*WORK REQUEST*: Transcribe the data exactly, stopping after the "героин Арсеньев" line.

*DATA PROVIDED*:
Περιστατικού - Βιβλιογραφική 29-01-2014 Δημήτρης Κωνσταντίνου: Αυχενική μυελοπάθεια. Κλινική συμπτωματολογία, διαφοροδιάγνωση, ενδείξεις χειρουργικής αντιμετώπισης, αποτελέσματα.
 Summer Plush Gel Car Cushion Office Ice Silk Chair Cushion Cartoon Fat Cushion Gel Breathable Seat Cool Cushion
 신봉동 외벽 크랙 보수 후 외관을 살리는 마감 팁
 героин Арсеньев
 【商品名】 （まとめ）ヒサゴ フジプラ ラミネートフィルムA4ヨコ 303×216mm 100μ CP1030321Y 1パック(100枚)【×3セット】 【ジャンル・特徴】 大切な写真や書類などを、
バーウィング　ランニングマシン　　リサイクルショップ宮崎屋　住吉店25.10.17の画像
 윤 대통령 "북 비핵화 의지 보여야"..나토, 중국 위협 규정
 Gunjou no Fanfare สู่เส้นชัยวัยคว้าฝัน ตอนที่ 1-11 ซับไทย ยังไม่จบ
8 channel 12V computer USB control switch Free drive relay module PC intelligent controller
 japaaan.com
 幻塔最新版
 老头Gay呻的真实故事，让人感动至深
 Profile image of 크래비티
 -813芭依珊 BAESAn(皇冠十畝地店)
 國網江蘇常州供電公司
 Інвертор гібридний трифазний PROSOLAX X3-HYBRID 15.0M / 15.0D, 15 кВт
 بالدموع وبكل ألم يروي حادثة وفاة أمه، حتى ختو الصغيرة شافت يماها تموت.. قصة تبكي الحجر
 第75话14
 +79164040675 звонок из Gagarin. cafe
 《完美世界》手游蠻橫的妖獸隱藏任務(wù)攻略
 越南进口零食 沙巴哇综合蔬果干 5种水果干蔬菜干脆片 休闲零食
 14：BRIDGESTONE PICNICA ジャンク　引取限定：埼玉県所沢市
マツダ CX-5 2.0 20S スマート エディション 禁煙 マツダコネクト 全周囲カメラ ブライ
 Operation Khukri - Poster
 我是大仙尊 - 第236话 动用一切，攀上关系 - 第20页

*SOLUTION BELOW*:
Περιστατικού - Βιβλιογραφική 29-01-2014 Δημήτρης Κωνσταντίνου: Αυχενική μυελοπάθεια. Κλινική συμπτωματολογία, διαφοροδιάγνωση, ενδείξεις χειρουργικής αντιμετώπισης, αποτελέσματα.
 Summer Plush Gel Car Cushion Office Ice Silk Chair Cushion Cartoon Fat Cushion Gel Breathable Seat Cool Cushion
 신봉동 외벽 크랙 보수 후 외관을 살리는 마감 팁
 героин Арсеньев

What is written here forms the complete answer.